Enviada em 30/12/2020

O direito aos diversos meios de saúde deveria constituir um pilar fundamental para o exercício da cidadania. No entanto, embora esse direito esteja previsto na Constituição Federal de 1988, é nítido que a negligência governamental, associada a um sistema de ensino falho em formar indivíduos preocupados com o bem-estar coletivo, resulta no afastamento da população mais carente do que está disposto na Carta Magna. Dessa forma, a implementação da telemedicina torna-se uma problemática no que diz respeito a suprir a necessidade dos cidadãos menos favorecidos, os quais não tem acesso à tecnologia.

A princípio, cabe destacar que, segundo o Artigo 196 da Constuição, a saúde é direito de todos e dever do Estado. Todavia, para a parcela mais pobre da população esse direito é tido como utopia, uma vez que, conforme afirmou o escritor Gilberto Dimenstein, em sua obra “Cidadão de papel”, não há pleno cumprimento da Lei maior. Tal situação pode ser claramente percebida pela precariedade das estruturas dos estabelecimentos de saúde, sobretudo nas áreas periféricas, que demonstra nitidamente o despreparo do Governo para ofertar o serviço de telemedicina nessas regiões.

Além disso, o mecanizado sistema educacional brasileiro também dificulta a democratização do acesso aos meios digitais de assistência à saúde ao descumprir seu primordial papel, tão debatido pelo educador Paulo Freire: o despertar da reflexão cidadã. O pedagogo destaca a importância do ensino para o desenvolvimento do senso crítico e da responsabilidade social.
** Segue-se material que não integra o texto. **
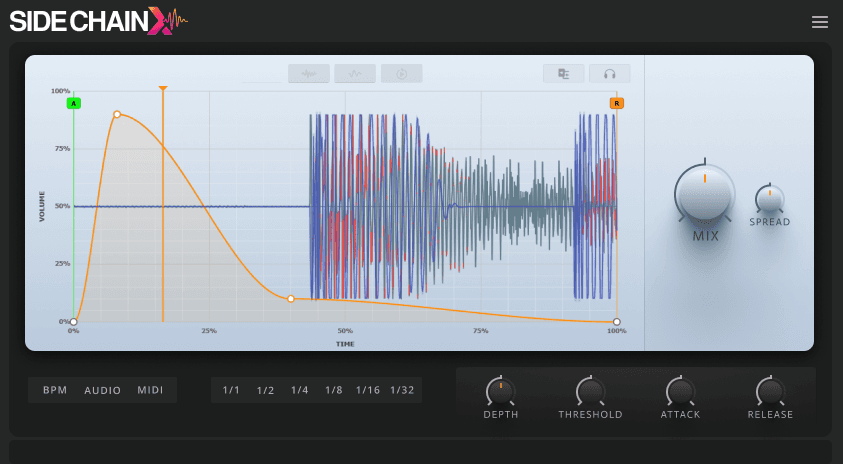 Visual Feedback That Helps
Contudo, o exacerbado tecnicismo das escolas, que supervalorizam conteúdos voltados para o desempenho em processos seletivos e o padrão de notas altas, induz o aluno a um comportamento individualista, que o deixa indiferente à dificuldade de acesso à saúde a qual estão vinculados os mais pobres. Nesse viés, a falta de uma educação crítica facilita a cristalização de um senso comum que naturaliza o benefício da telemedicina restrito a apenas uma parte da sociedade.

Portanto, para que haja uma implementação democrática da telemedicina no país, é necessário que o Governo, por meio do Ministério da Saúde, aumente os investimentos em construção, reforma e compra de equipamentos para as unidades de saúde, além de garantir o acesso à internet nas áreas mais distantes dos grandes centros, com vistas a garantir que todos possam usufruir do serviço de forma igualitária. Ademais, as escolas, com apoio do Ministério da Educação e Cultura (MEC), devem  promover uma formação cidadã ampla. Para isso, é imperioso oportunizar projetos de extensão, vinculados à área de humanas, para debater sobre a garantia do acesso à saúde, por seus diversos meios, como ferramenta de integração social.